While extreme, the 2012 case underscores the dangers of being an over-controlling so-called helicopter parent of a college student. With more research finding an array of damaging impacts, experts are offering a couple of words of advice: Back off.
Support without smothering
“I’ve dealt with parents who would dispute their own son’s or daughter’s grade on an assignment in class,” said Chris Segrin, a University of Arizona communications professor and head of the Department of Communication. “Supporting your child is one thing, but parents have to ask themselves if they are superimposing their goals and anxieties on their child.”
Segrin coauthored a 2012 study showing a correlation between helicopter parents and offspring with a “greater sense of entitlement.”
“Over-parenting also has a signi¿cant and negative indirect association with family satisfaction, through lower-quality parent-child communication,” the study concluded.
A 2013 study titled “Helping or Hovering: The Effects of Helicopter Parenting on College Students’ Well-Being,” reached a similar conclusion. It surveyed 297 college undergraduates in the U.S. Mid-Atlantic region.
“Students who reported having over-controlling parents reported significantly higher levels of depression and less satisfaction with life,” according to the study. “Furthermore, the negative effects of helicopter parenting on college students’ well-being were largely explained by the perceived violation of students’ basic psychological needs for autonomy and competence.”
Know your boundaries
For a parent, it might not always be clear when you’re going overboard, so it’s best to talk honestly with your child about his or her needs and boundaries.

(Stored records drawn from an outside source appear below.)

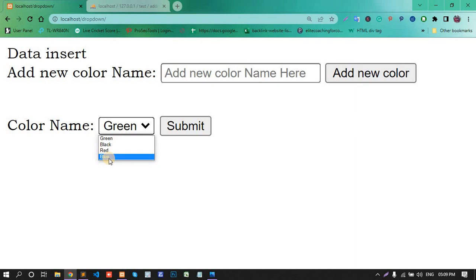This way you can add dynamically data in the dropdown. Thank you.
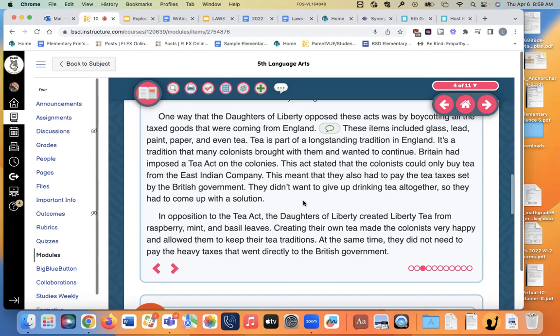They didn't want to give up drinking tea altogether, so they had to come up with a solution. In opposition to the Tea Act, the Daughters of Liberty created Liberty Tea — I've never heard of that part — from raspberry, mint, and basil leaves. That sounds delicious! Creating their own tea made the colonists very happy, allowed them to keep their tea traditions, and meant they did not need to pay the heavy taxes that went directly to the British government.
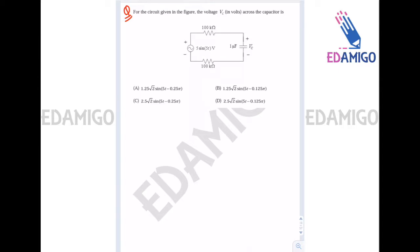Now let's move to the next question. It is given that we have this circuit and we have to find the voltage across the capacitance, that is Vc. Let's redraw the circuit.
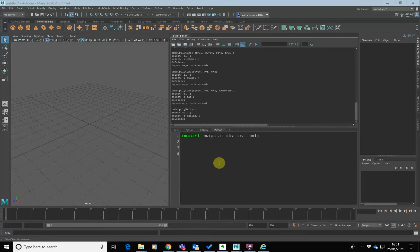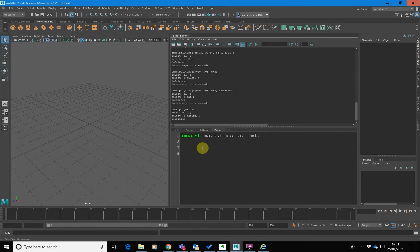In the last tutorial, we created a cube in Maya using Python. Now we want to do something useful with that — we want to move it, scale it, and just do some basic transformations to that. How do we do that?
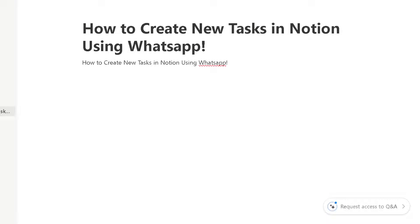Now once you are here, creating new tasks in Notion using WhatsApp can offer a lot of advantages because combining the convenience of messaging within the organizational power of Notion.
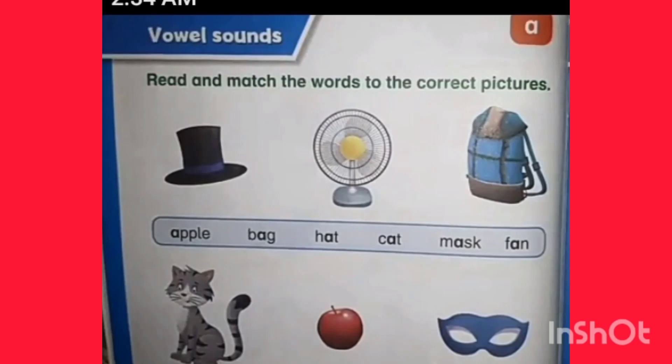Good morning. This is lecture number 3. Here are vowel sounds. We are using A. Let's start.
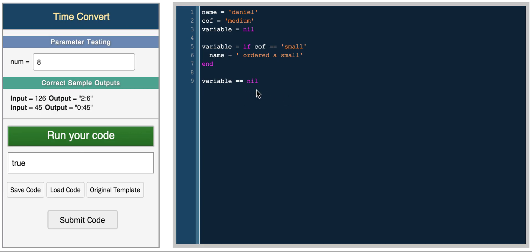So these are the basic conditionals in Ruby. In the next video, we'll be covering functions and loops.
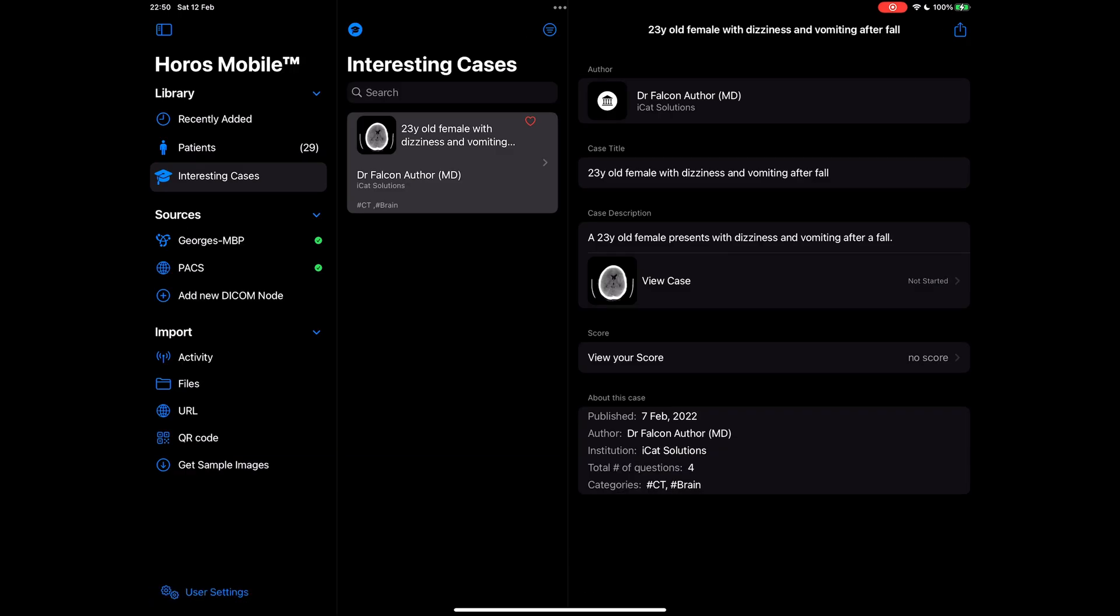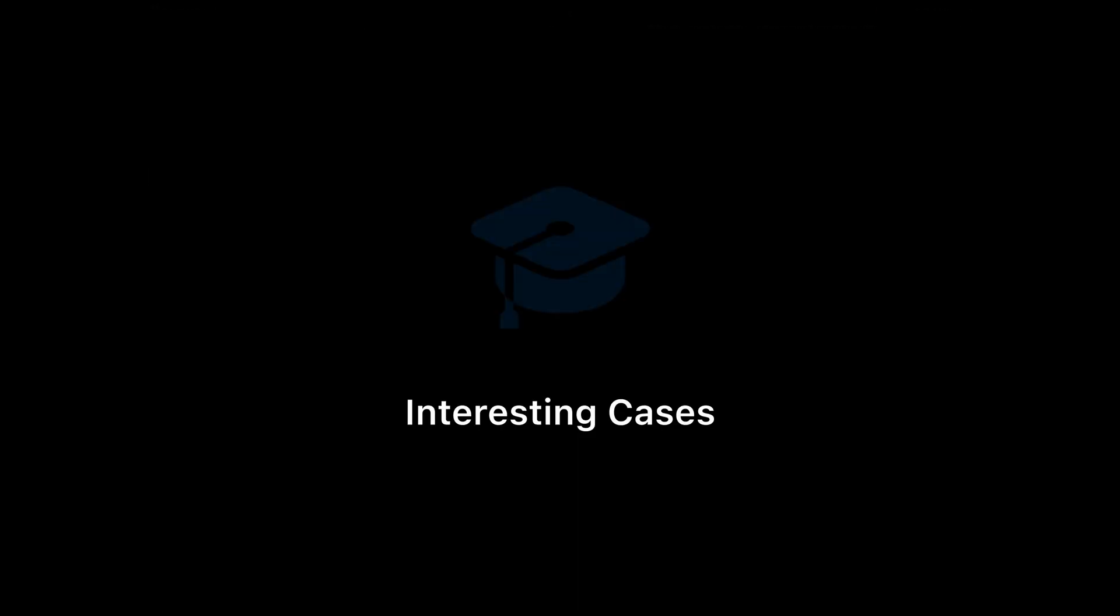So this concludes our introduction to our newest features. Interesting Cases is the most convenient way to learn radiology points, practice new cases and quiz yourselves. Becoming an author and composing cases is a breeze, and couldn't be easier.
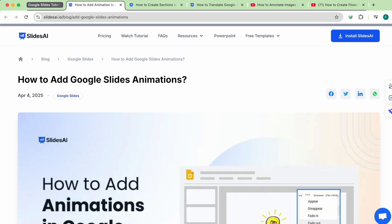So the next time you're drowning in tabs, remember: group them, color them, collapse them, and avoid the panic of a hundred tabs.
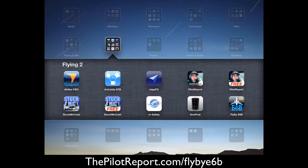Hello and welcome back to another video review by ThePilotReport.com. I'm your host Len Costa. Today I'll be taking you through an iPad and iPhone application called FlybyE6B. This application does work both on the iPad and the iPhone.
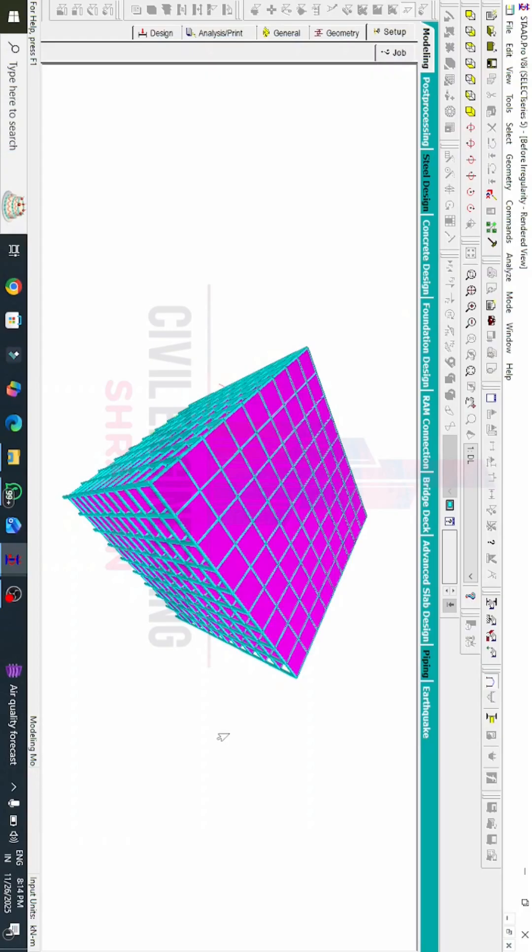Hello everyone, welcome back to my YouTube channel Civil Engineering by Stravan, and welcome to the STAAD Pro Tips and Tricks video series. In this video lecture, I will explain how to check the irregularity of a building using STAAD Pro v8a software.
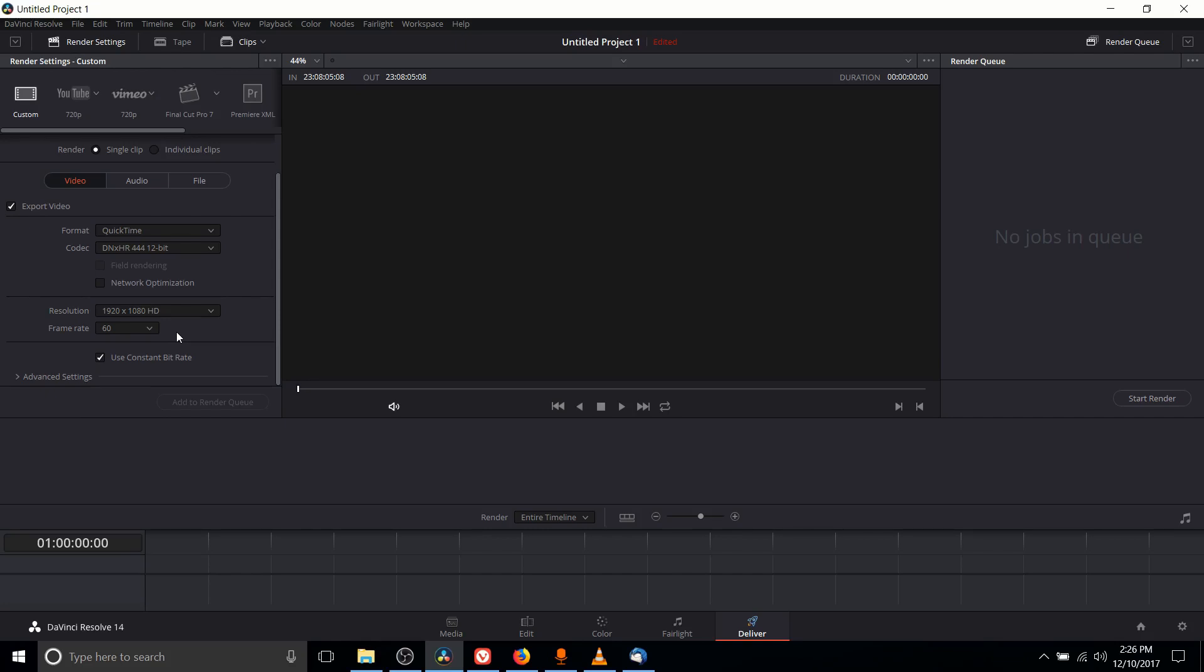But if you record your video at 60 FPS and you make this change you should be able to export your final video project at 60 FPS.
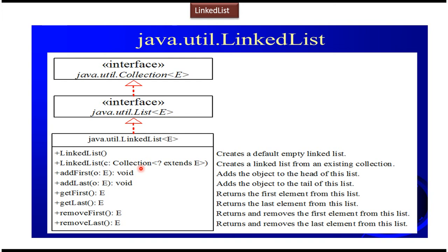And this is about LinkedList introduction. Thanks for watching. Bye.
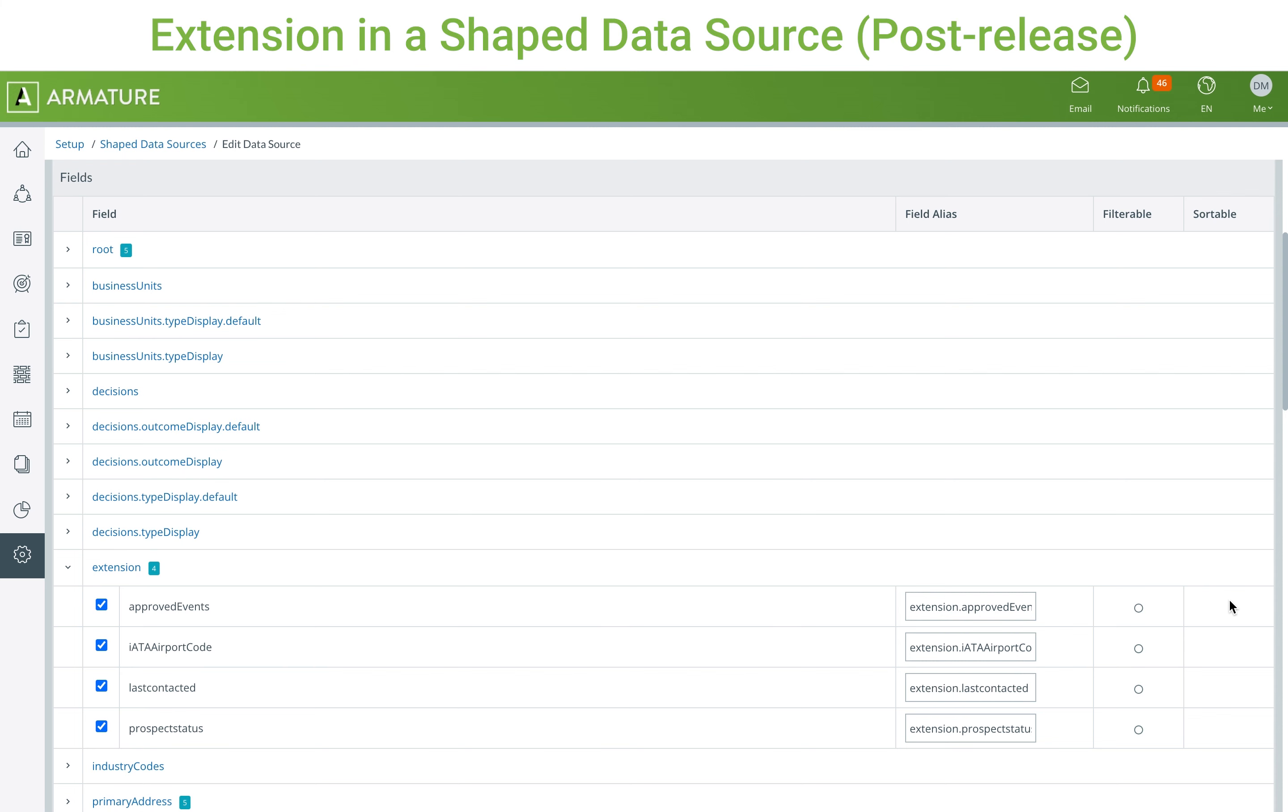With the new reports changes, any extension can be filtered if the filterable box is checked on its associated data source.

“Every child is different,” said Michelle Givertz, an associate professor of communication studies at California State University, Chico, who has worked with Segrin on a number of studies. “Every child matures at a different pace. This is not a black-and-white issue.”
But it is for C. Lee Reed, who writes a blog called “Helicopter Mom and Just Plane Dad” and makes no excuses for being a helicopter parent. “If you’re going to have a child, you should be involved in their life and you should know what’s going on,” said this mother of a high school senior. “People who don’t have a clue about what their child is doing or don’t want to be involved in their life – well, that makes no sense to me.”
But while Reed says she knows “at any given moment where [her] daughter is,” she too admits she’s seen parents go too far.
Givertz has seen parents like that, too – moms and dads “engaged in age-inappropriate parenting and doing things for their children that children should do for themselves,” such as doing the research and writing papers for their child.
“I’ve had students come to my office to seek advisement, and they bring their parents with them,” she said. “I’ve seen parents who feel free to call the president of the university if their child has a problem with their dorm roommate.”
What those parents don’t realize is that they’re creating young adults who are unprepared to cope in an increasingly competitive world. “They don’t have the ability to read an assignment, complete an assignment or turn it in by a certain date,” Givertz said. “How is that going to play out when they find a job?”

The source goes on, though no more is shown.